Data section:
------------------------------------------------------------
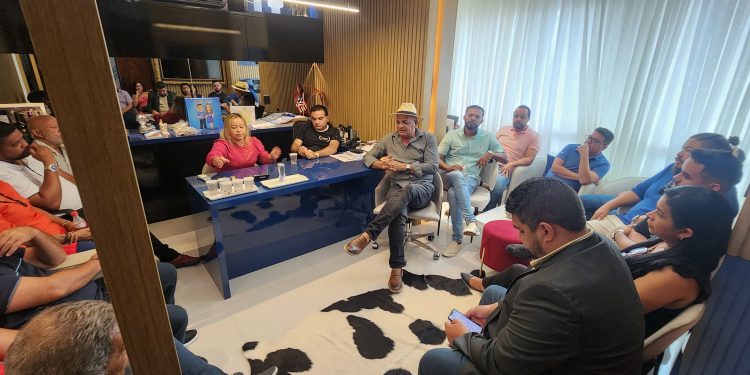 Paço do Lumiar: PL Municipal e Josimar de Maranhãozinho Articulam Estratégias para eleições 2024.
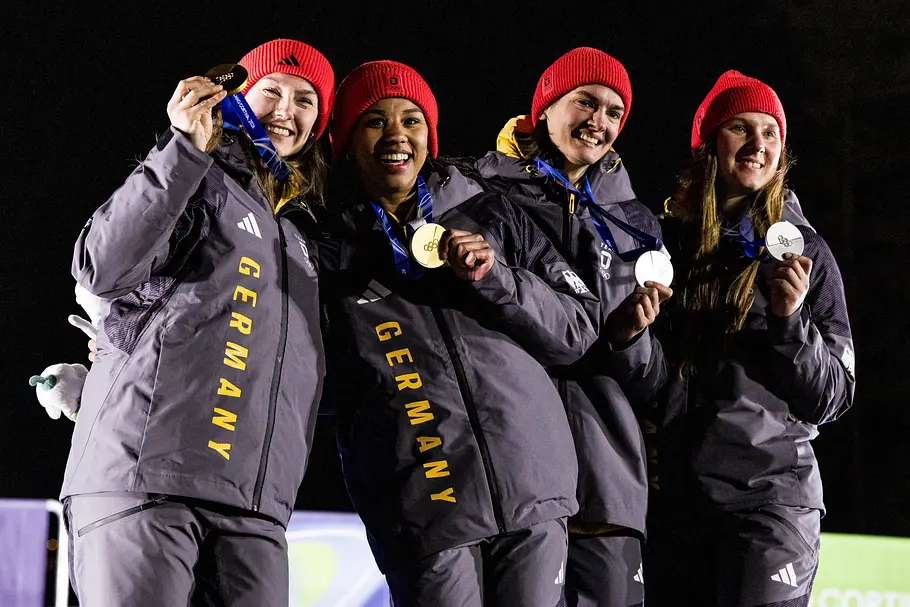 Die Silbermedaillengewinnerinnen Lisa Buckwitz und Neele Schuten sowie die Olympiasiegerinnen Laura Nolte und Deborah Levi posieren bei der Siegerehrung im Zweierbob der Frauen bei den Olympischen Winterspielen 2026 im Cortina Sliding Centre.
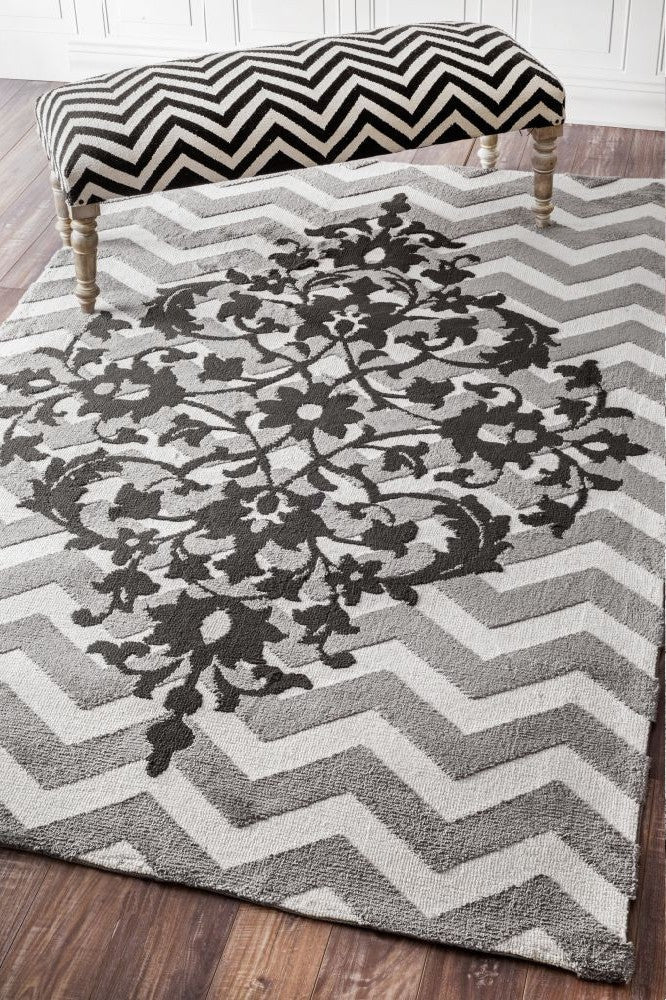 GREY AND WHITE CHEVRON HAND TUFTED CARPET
------------------------------------------------------------
What to work on: Copy only what lies between the start of the listing above and the line containing "Die Silbermedaillengewinnerinnen Lisa", inclusive of both ends, exactly as written, and drop the pictures.

Response to this task:
 Paço do Lumiar: PL Municipal e Josimar de Maranhãozinho Articulam Estratégias para eleições 2024.
 Die Silbermedaillengewinnerinnen Lisa Buckwitz und Neele Schuten sowie die Olympiasiegerinnen Laura Nolte und Deborah Levi posieren bei der Siegerehrung im Zweierbob der Frauen bei den Olympischen Winterspielen 2026 im Cortina Sliding Centre.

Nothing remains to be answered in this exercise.